II. In this corresponding number, the catechist confounds the unction used for miraculous purposes, with that which was administered to the sick; and contends, that because the first has been discontinued, the other should not be preserved. The differences of both practices I have already explained in terms so clear, that it becomes superfluous to repeat the statement.

III. It is asserted that the unction mentioned by St. James, is different from what is used in the church of Rome; 1st, because it has no miraculous effects, as that used by the apostles had; 2d, because they anointed persons to recover in the Roman church, persons past recovery are anointed; 3d, no such ceremonies are ascribed to the apostles, as are used in the church of Rome; 4th, because grace is ascribed not to the unction, but to the prayer of faith; 5th, because such a sacrament is unnecessary after the Lord's supper.

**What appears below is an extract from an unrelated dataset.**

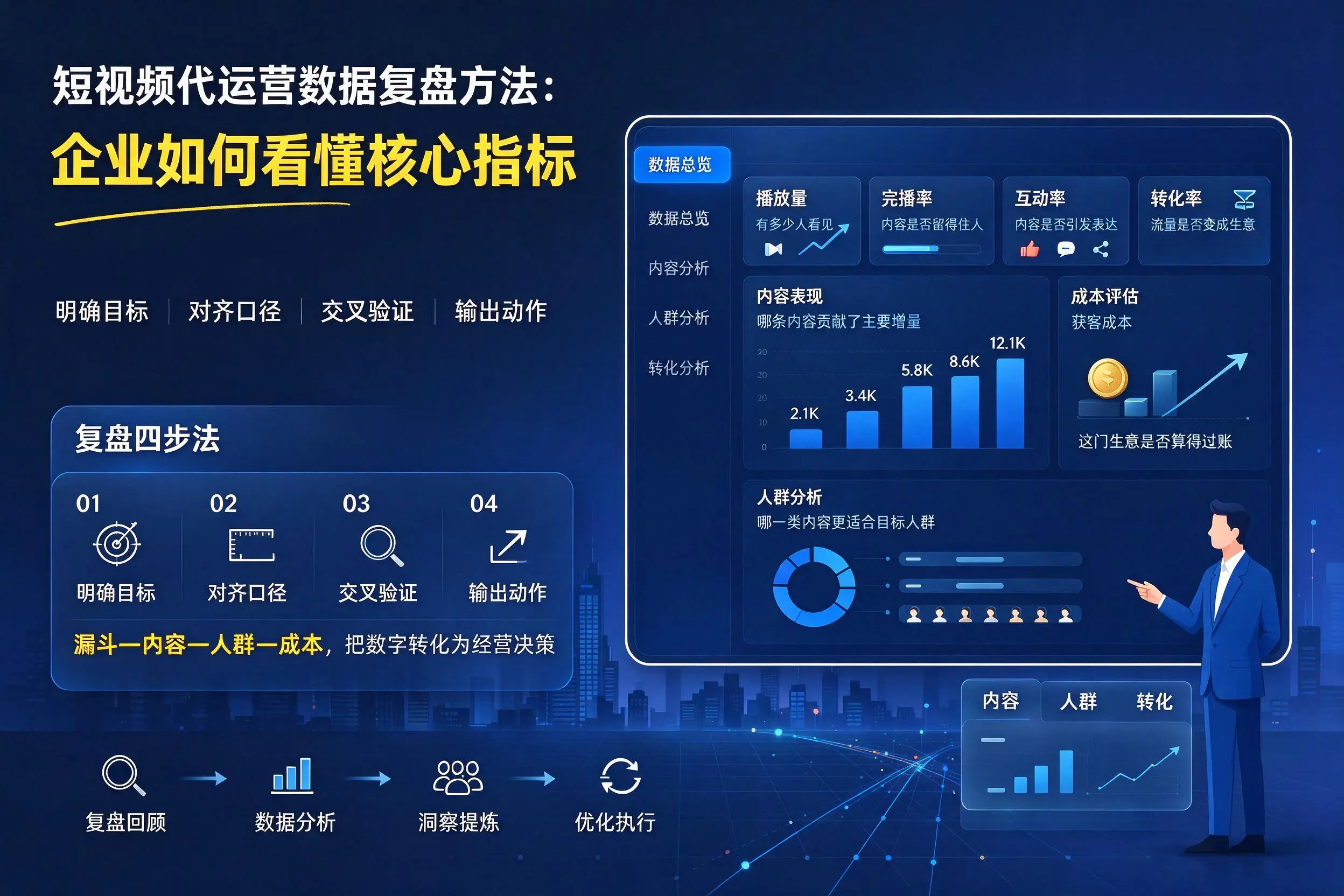 短视频代运营数据复盘方法:韶关企业如何看懂核心指标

To all these flimsy and idle objections, I beg briefly to reply, First, That this statement supposes the unction mentioned by St. Mark, and

used by the apostles before their priesthood, to be the same as that recorded by St. James; whereas we have shewn, by incontrovertible arguments, that they are essentially different. Secondly, I answer, that the observations in the corresponding number are founded on the same false assumption. Thirdly, If we read in the sacred Scriptures, of no such ceremonies performed by the apostles, as are used in the Catholic church, it is notorious that the sacred Scriptures do not record all that the apostles performed. If the reader will turn to the Sacramentary of St. Gregory before referred to, he will find these ceremonies extremely ancient. Fourthly, If the saving of the sick man is ascribed to the prayer of faith, the use of the oil is no more excluded by such an affirmation, than the waters of baptism would be by a similar proposition, which should attribute the effects of this latter sacrament to the solemn invocation of the three divine persons. Fifthly, If our Lord has thought proper to grant to the dying an additional help, besides the holy eucharist, it belongs not to the catechist, nor to any human being, to question the propriety of the concession.

Why do

QUESTION XXII.

you look upou the church of Rome as in an error, for forbidding priests and clergymen to marry?

ANSWER.

1. Because St. Paul plainly permits a bishop and other clergymen to marry. 1 Tim. iii. 2, 11. Tit. i. 6.

2. The same apostle saith to all men in general, “It is better to marry than to burn." 1 Cor. vii. 9.

3. The same apostle calls forbidding to marry, a doctrine of devils. 1 Tim. iv. 1, 3.

4. St. Peter himself, an apostle, and a priest, and, in the sense of the church of Rome, a Pope too, was a married man. 5. Several of the bishops of the primitive church were married men, such as Spiridion, Chæremon, Hilary, and others. 6. The priests of the Greek church do not observe this law of celibate, or single life.

7. The first Council of Nice approved of Paphnutis's opinion, that clergymen ought to be permitted to cohabit with their

wives.

OBSERVATIONS.

THE candid and learned catechist, in stating the question concerning the celibacy of the clergy in the Catholic church, cannot refrain from a slight degree of misrepresentation. He supposes, that Catholic clergymen are absolutely and unconditionally forbidden to marry but the real truth is, that they are restrained by severe penalties from violating a solemn engagement, knowingly and deliberately formed. No one obliges them to contract this obligation; it is a

matter of their own free and unbiassed choice, and to carry it into effect, they have every help which religion can supply. If they should fail in the observance of a sacred and solemn duty, they fall under the censure denounced by St. Paul against the faithless widows. When they have begun to wax wanton against Christ, they will marry, HAVING DAMNATION, because they have cast off their first faith'. The Catholic church, therefore, prohibits in its clergy, what St. Paul stigmatizes in the wanton widow, a violation of a sacred vow, solemnly and deliberately made.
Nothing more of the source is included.